Simple Problem Involving Light Absorption

[aruzinsky]

Please, check my problem statement and solution. Have you seen this
problem before? I independently thought of it because it is a
simplification of a practical problem I have.

Consider two flat, infinite, facing, parallel surfaces, labeled A and
B, with a point source of light between them. The reflectivity of A
and B are respectively a and b . What fractions, alpha, beta, of the
light are respectively absorbed by A and B?

My solutions are:

alpha = 0.5*(1 - a)*(1 + b)/(1 - a*b)

beta = 0.5*(1 - b)*(1 + a)/(1 - a*b)

[Helmut Wabnig]

eventually, after numerous reflections between the surfaces,
virtually all of the light will be absorbed.

Methinks your problem description is missing something.

w.

[jbriggs444]

On Sep 3, 11:52 am, Helmut Wabnig <hwabnig@ .- --- -. dotat> wrote:
> On Thu, 3 Sep 2009 07:36:52 -0700 (PDT), aruzinsky
>

Nope. He's presented problem and solution correctly. My solution
matches his.

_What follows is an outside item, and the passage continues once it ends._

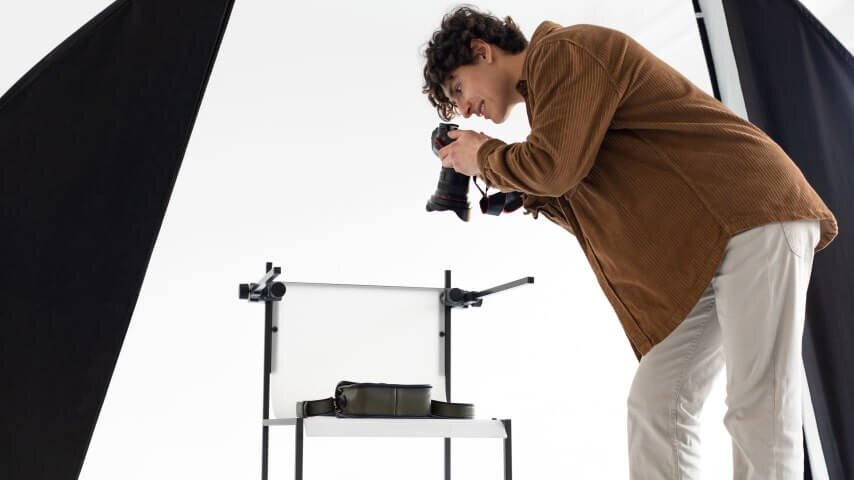 A man taking professional product photos in a studio.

I'll let you work on proving that the two expressions
add up to 1. [Not too hard -- lots of nice cancellation]

He's assuming that the reflectivity is independent of the angle of
incidence and that the point source emits symmetrically.

So half the light goes toward a and then bounces from a to b to a to b
until eventually being absorbed.
And half goes toward b and bounces in a similar fashion.

The amount of light absorbed by a is

50% * (1-a) of the emitted light (absorbed on first strike)
+ 50% * (1-a) * a*b (absorbed on third hit)
+ 50% * (1-a) * (a*b) ^2 (absorbed on fifth hit)
+ ...

+ 50% * b * (1-a) (second hit)
+ 50% * b * (1-a) * a*b (fourth hit)
+ 50% * b * (1-a) * (a*b)^2 (sixth hit)
+ ...

An infinite series with first term x and ratio r has sum x * 1/(1-r)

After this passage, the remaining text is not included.